A weekly wrap-up of news, issues and current affairs from the Pacific. The programme is broadcast nationwide every Saturday evening on Radio New Zealand National and is produced by the newsroom of Radio New Zealand International. The following rundown is supplied from the broadcaster’s news system:
1. The first refugee determinations for Australia's asylum seekers being held on Nauru and Papua New Guinea's Manus Island have been handed down this week.
2. Samoa's Ministry of Health says four children have died and 19 have been left seriously ill this year due to malnutrition following diarrhoeal illnesses.
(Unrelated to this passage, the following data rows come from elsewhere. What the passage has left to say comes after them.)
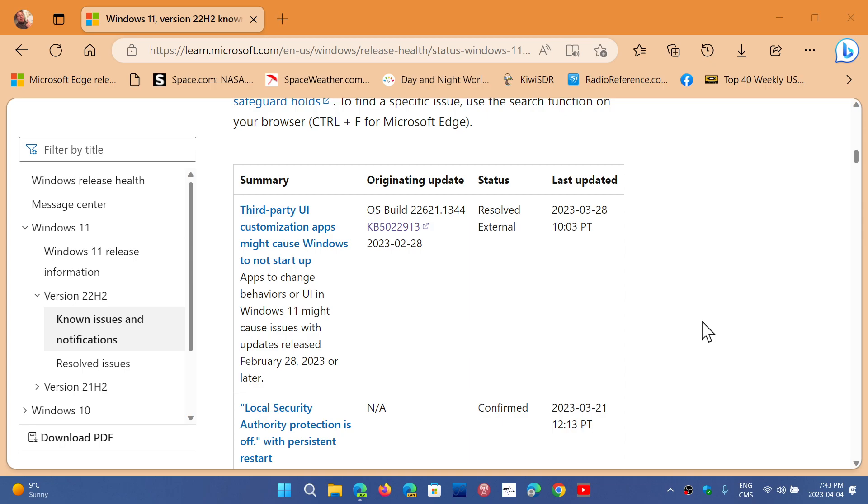So if you have the error message that says there's no TPM chip, or it doesn't detect a TPM chip, can you just tell me what type of processor you have? Is it an Intel or an AMD?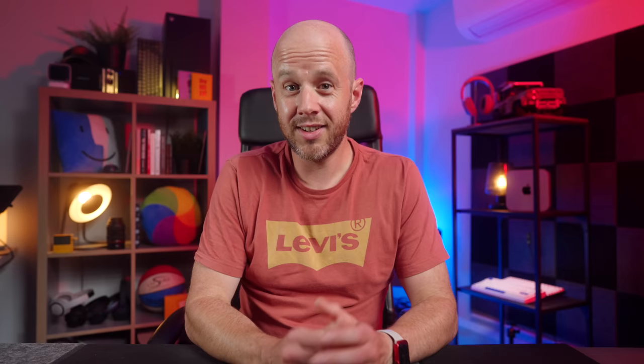So immediately, people need to know it's there. Stage Manager on the iPad does feel like a genuine step forward for iPadOS.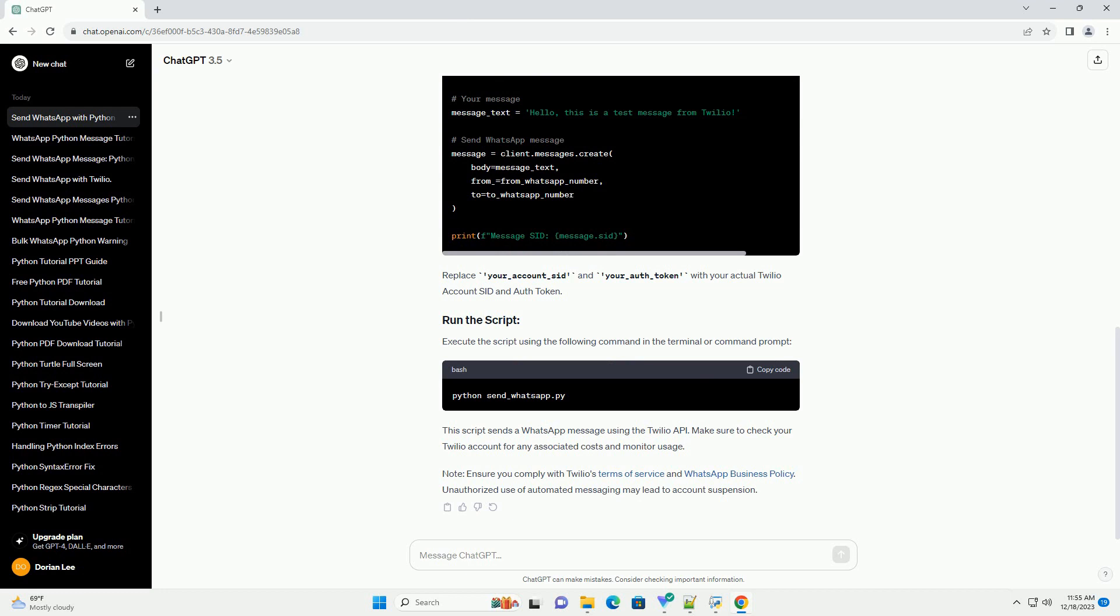Note, ensure you comply with Twilio's terms of service and WhatsApp business policy. Unauthorized use of automated messaging may lead to account suspension.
3. Our correspondent in Solomon Islands [i.e. Dorothy Wickham] says while there is praise for police after last weekend's riots, the incidents raise questions about the numbers of disaffected, often unemployed youth in the capital Honiara.
4. A nickel expert says questions need to be asked about Vale's risk management procedures, workers' behaviour and the design of its processing plant in New Caledonia to find out why spills keep happening there.
5. NGOs [i.e. non-governmental organizations] in Fiji say their calls to remove an Electoral Decree provision which restricts what work they can do have so far been ignored.
6. A Nauru MP [i.e. Roland Kun], one of three suspended by the island's Government, has been settling his family in New Zealand after his wife's Nauru visa was withdrawn.
7. A man-made climate resilient harbour, believed to be the world's first, has been constructed at Mangaia Island in the Cook Islands.
8. Tonga rugby coach Mana Otai says the global reaction to 18-year-old sensation Taniela Tupou came as no surprise to him, with foreign scouts already on the lookout for the next schoolboy star.